Under LTRO, RBI provides longer term (one- to three-year) loans to banks at the prevailing repo rate.

  • LTROs provide banks with access to cheaper capital from the RBI.As banks get long-term funds at lower rates, their cost of funds falls. In turn, they reduce interest rates for borrowers.
  • This may also mean lower deposit rates for savers.
  • This helps banks get funds for a longer duration as compared to the short-term (up to 28 days) liquidity provided by the RBI through other tools such as liquidity adjustment facility (LAF) and marginal standing facility (MSF)
  • The RBI believes that offering banks durable longer-term liquidity at the repo rate (5.15 per cent), can help them lower the rates they charge on retail and industrial loans, while maintaining their margins. This, in turn, encourages them to lend more and spur economic activity.

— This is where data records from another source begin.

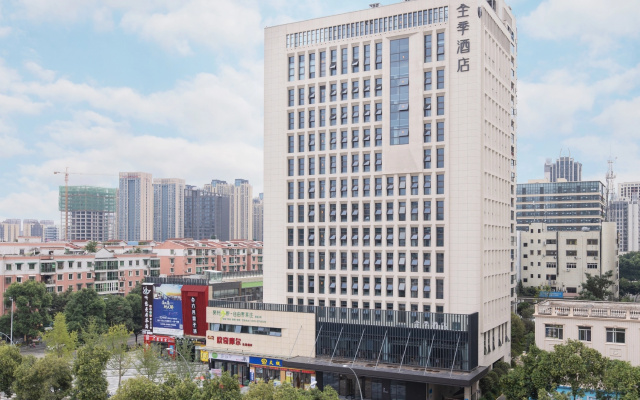JI Hotel (Mianyang Government)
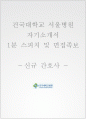 건국대병원 자소서+면접, 서울건국대학교병원 간호사 합격 자기소개서 1페이지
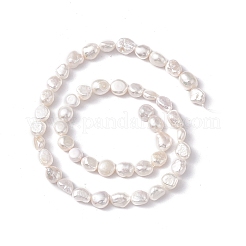 バロック天然ケシパールビーズ  オーバル  貝殻色  8~12x7~8x4.5~6mm  穴：0.6mm&nbsp;PEAR-N020-P38
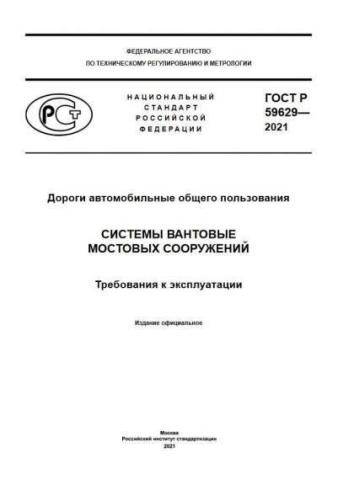 GOST R 59629-2021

  • They can also invest these long-term funds in assets that yield better returns to improve profitability.
  • Also, as banks provide government securities as collateral, the demand for such government bonds increases and helps in lowering yield.
  • The LTRO will also help bring down the yields for shorter-term securities (in the 1-3-year tenor) in the bond market.
  • LTRO helps RBI ensure that banks reduce their marginal cost of funds-based lending rate, without reducing policy rates.
  • LTRO also showed the market that RBI will not only rely on revising repo rates and conducting open market operations for its monetary policy, but also use new tools to achieve its intended objectives.
  • RBI intends to conduct these LTROs to improve transmission of earlier rate cuts within the economy.